Moreover, data on the mortality risk in candidates with a BMI of 30-34.9 and 35-39.9 kg/m2 are weak.
Professor Barone and colleagues from Italy compared post-operative complications and mortality risks in all obese candidates vs candidates with a BMI of 18.5-29.9 assumed as controls.
The team searched the Cochrane library, PubMed, Scopus, Web-of-Science and article reference lists, restricted to the English language, and selected cohort studies analysing the following outcomes: all-causes mortality, post-operative and cardiopulmonary complications, hospital and intensive care unit (ICU) length of stay.

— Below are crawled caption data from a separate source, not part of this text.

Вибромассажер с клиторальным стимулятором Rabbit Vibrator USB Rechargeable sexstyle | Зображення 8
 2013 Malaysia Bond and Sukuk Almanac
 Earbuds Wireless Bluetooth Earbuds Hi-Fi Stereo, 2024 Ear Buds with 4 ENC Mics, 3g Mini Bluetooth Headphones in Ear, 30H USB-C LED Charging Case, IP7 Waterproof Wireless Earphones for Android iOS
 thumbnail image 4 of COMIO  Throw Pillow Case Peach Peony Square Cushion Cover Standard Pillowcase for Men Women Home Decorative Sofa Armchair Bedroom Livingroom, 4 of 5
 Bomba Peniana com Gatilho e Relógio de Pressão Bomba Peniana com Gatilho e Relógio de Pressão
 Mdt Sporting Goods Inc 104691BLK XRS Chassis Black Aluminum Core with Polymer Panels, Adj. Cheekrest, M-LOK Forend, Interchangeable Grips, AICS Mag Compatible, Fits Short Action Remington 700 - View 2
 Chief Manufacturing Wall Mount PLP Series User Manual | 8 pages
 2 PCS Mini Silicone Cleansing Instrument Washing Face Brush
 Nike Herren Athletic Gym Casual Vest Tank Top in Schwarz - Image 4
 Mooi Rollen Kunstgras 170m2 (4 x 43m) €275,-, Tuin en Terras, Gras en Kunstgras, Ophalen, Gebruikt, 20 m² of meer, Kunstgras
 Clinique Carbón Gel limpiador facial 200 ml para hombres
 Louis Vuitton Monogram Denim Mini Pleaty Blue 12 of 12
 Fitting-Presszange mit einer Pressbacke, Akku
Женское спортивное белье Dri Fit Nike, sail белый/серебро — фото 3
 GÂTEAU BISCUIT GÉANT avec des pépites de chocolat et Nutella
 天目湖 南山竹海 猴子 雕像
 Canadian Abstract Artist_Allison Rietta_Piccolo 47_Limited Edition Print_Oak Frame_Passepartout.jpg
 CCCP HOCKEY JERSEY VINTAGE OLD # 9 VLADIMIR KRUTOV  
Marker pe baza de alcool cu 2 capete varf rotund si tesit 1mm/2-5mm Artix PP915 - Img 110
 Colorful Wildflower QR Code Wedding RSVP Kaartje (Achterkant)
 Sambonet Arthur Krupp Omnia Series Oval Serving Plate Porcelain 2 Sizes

There were 2 reviewers that independently extracted the studies data, and a third one resolved discrepancies.
The researchers identified 24 studies comprizing 132,162 patients that met the inclusion criteria.
|Post-operative complications were significantly higher for a BMI more than 30 and 30-34.9|
|Alimentary Pharmacology & Therapeutics|
As compared to controls, mortality risk was increased at all time-periods for a BMI of 40 or more, at 30 days for a BMI of 30-34.9, and in none of the considered time-periods for a BMI of 35-39.9.
The team noted that post-operative complications were significantly higher for a BMI more than 30 and 30-34.9.
Due to the shortage/absence of data, the researchers evaluated cardiopulmonary complications, hospital and ICU length of stay only in the BMI of 30 or more than category.
In these patients, the researchers observed that only cardiopulmonary complications were increased as compared to controls.
Professor Barone's team concludes, "Morbid obesity has an impact on patients’ survival after liver transplantation."
"However, since even a BMI more than 30 increases post-transplant complications, new strategies should be included in the liver transplantation program to favor weight loss in all obese candidates."